▸ **Records for the task**

▽

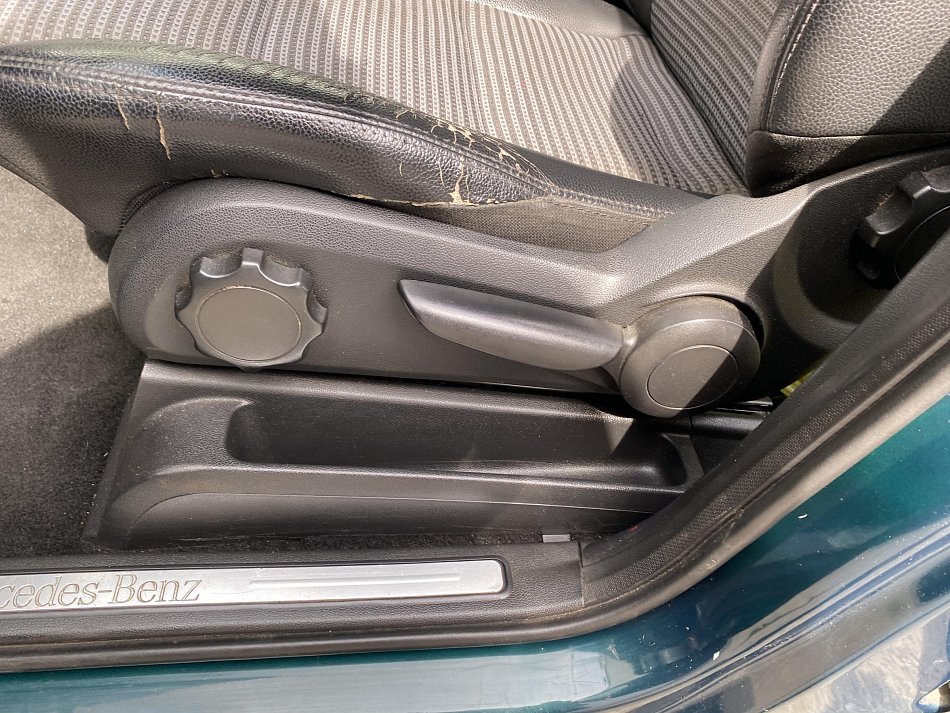 Mercedes-Benz Třída A 2.0i  180 CDI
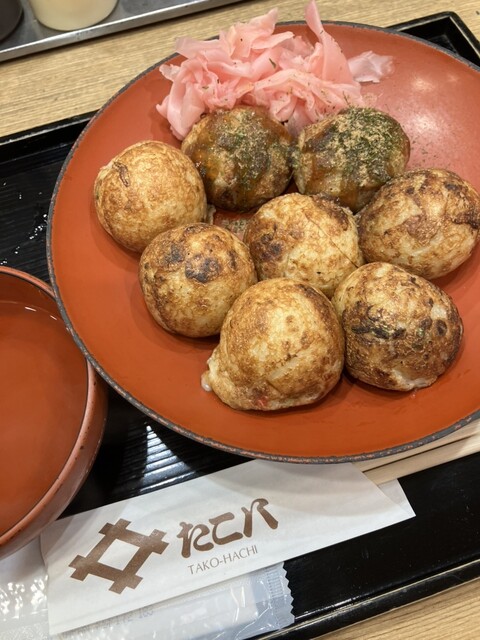 Tako Hachi Umejishita Ten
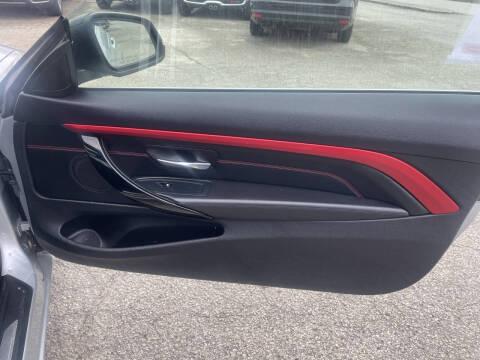 2015 BMW 4 Series 428i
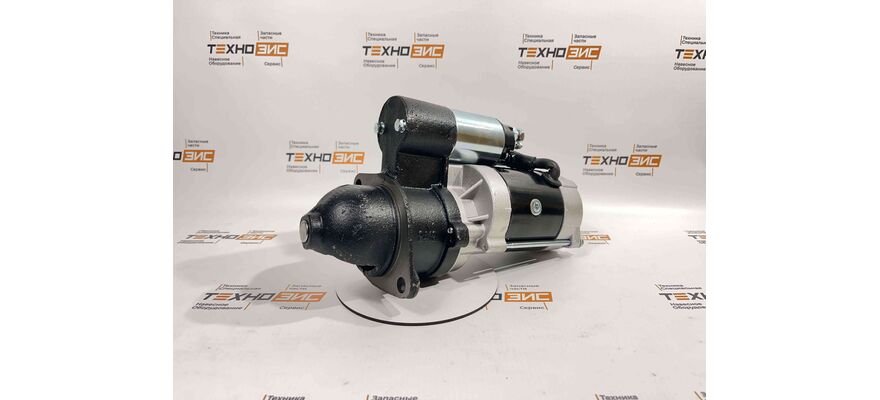 Стартер zhazg1, YCD4R11G (QDJ3Q5A, QDJ2636A) (11зуб, закрытый)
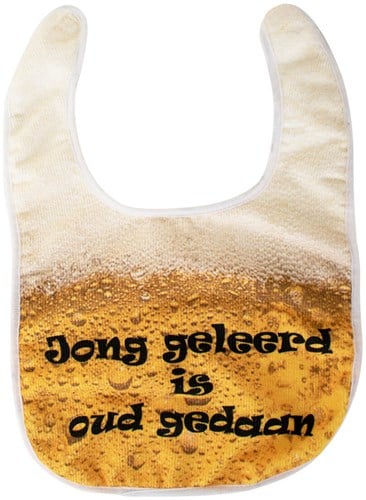 Bier Slabbetje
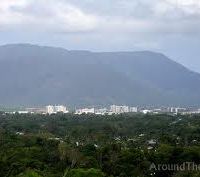 Mountains in Cairns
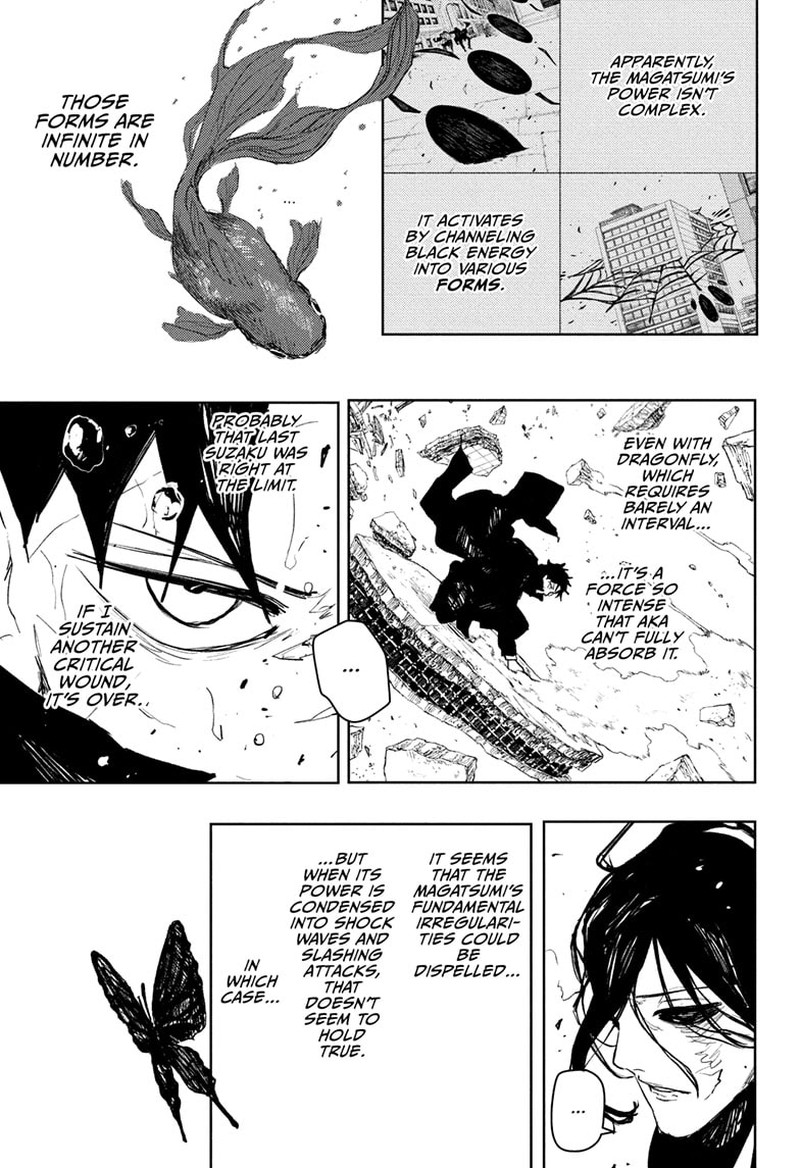 Kagura Bachi Chapter 108 Page 7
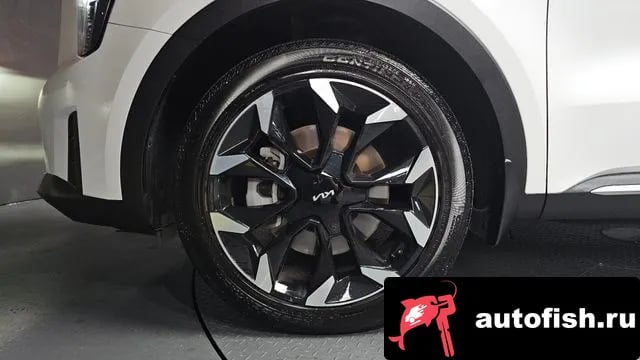 Kia Sorento The New Sorento 4th Generation 2025 года - вид 5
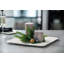 Assiette carrée 12,75 po Villeroy & Boch-57429813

△

▸ **Brief**
Copy exactly the lines from the line containing "Mountains in Cairns" through the last line of the records, both included, and omit every picture.

▸ **Solution for this task**
 Mountains in Cairns
 Kagura Bachi Chapter 108 Page 7
 Kia Sorento The New Sorento 4th Generation 2025 года - вид 5
 Assiette carrée 12,75 po Villeroy & Boch-57429813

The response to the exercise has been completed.